# [WHAT YOU WILL DO]
Each record must be returned exactly, apart from the pictures, which stay out.

# [SUPPLIED RECORDS]
-.-.-

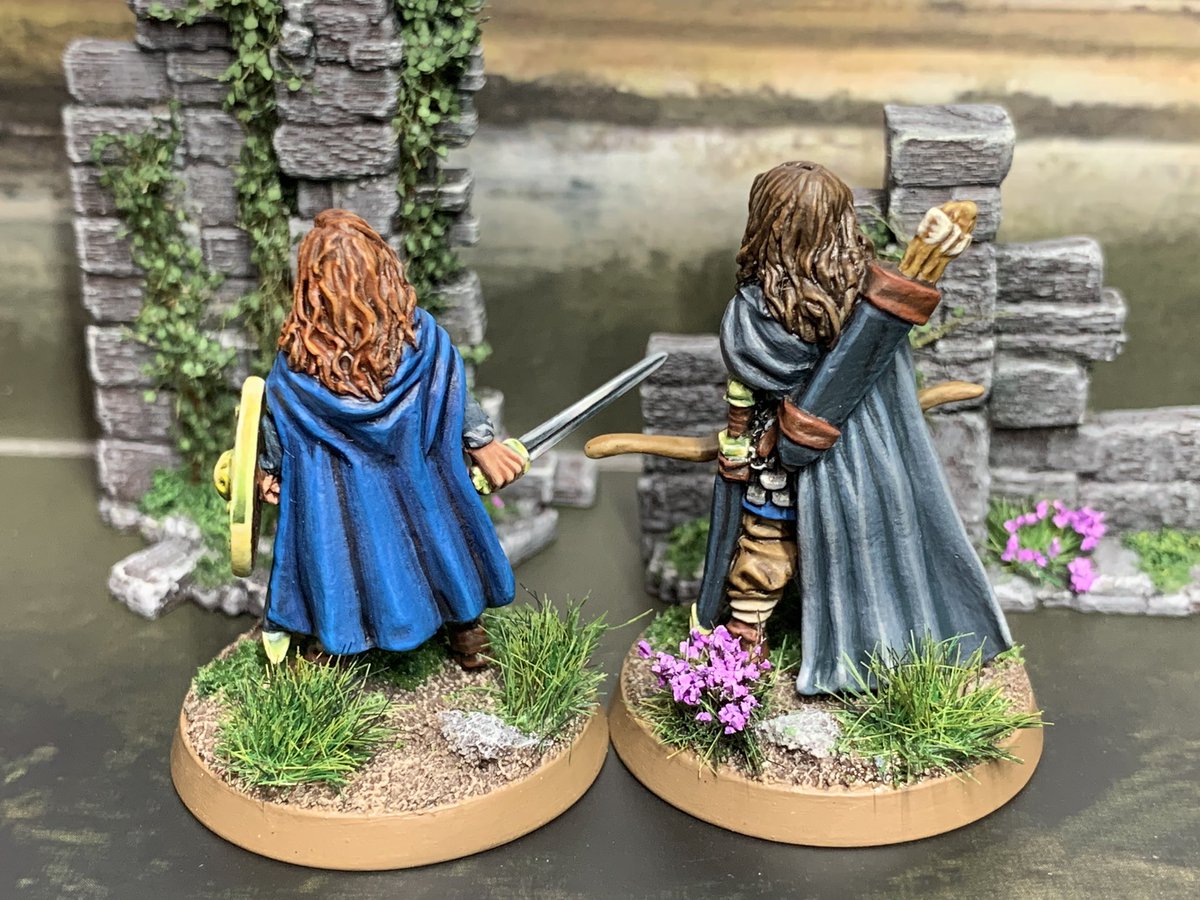 Taki_miniature's tweet photo. ハーミットインで買ってから時間が経ってしまいましたかようやく完成。女戦士2体。
剣を持った右手、盾、弓につがえてる矢はプラミニチュアのものに交換。その分、鞘に入っていた剣の柄は削り取っています。
#春のペイントまつり
#メタルペイント
#物撮りノート https://t.co/BkinMmWZxM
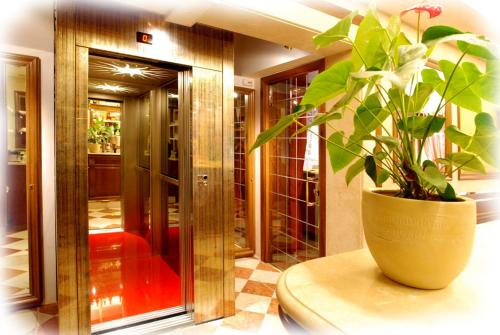 Hotel Fontana - image 11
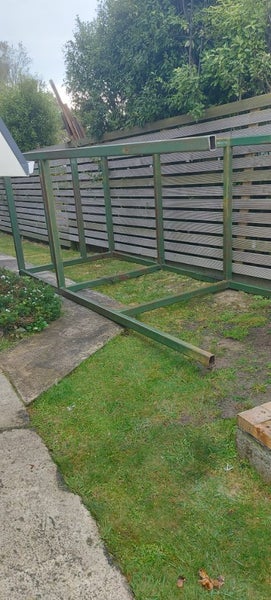 Tank stand Carousel 1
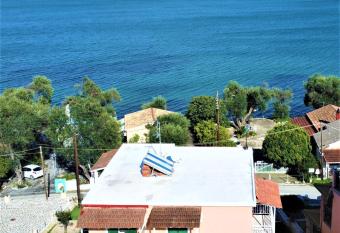 Dinos Green Place has Balcony rooms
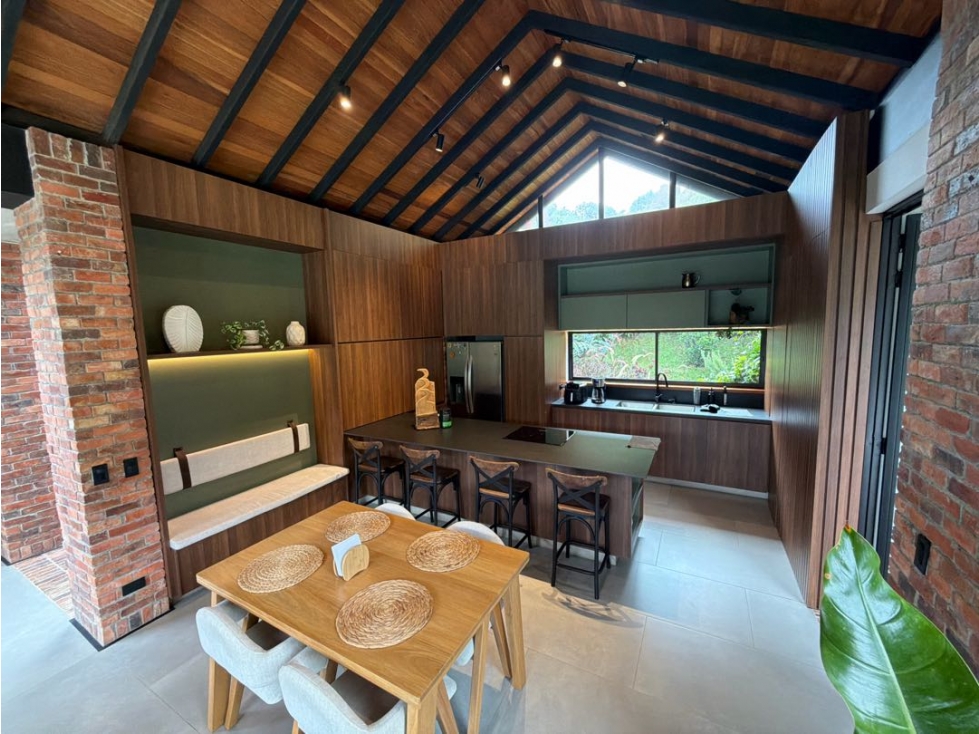 SE VENDE CASA CAMPESTRE EN LA CEJA EN PARCELACION CERRADA BOSQUES DE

-.-.-

# [RESULT]
 Taki_miniature's tweet photo. ハーミットインで買ってから時間が経ってしまいましたかようやく完成。女戦士2体。
剣を持った右手、盾、弓につがえてる矢はプラミニチュアのものに交換。その分、鞘に入っていた剣の柄は削り取っています。
#春のペイントまつり
#メタルペイント
#物撮りノート https://t.co/BkinMmWZxM
 Hotel Fontana - image 11
 Tank stand Carousel 1
 Dinos Green Place has Balcony rooms
 SE VENDE CASA CAMPESTRE EN LA CEJA EN PARCELACION CERRADA BOSQUES DE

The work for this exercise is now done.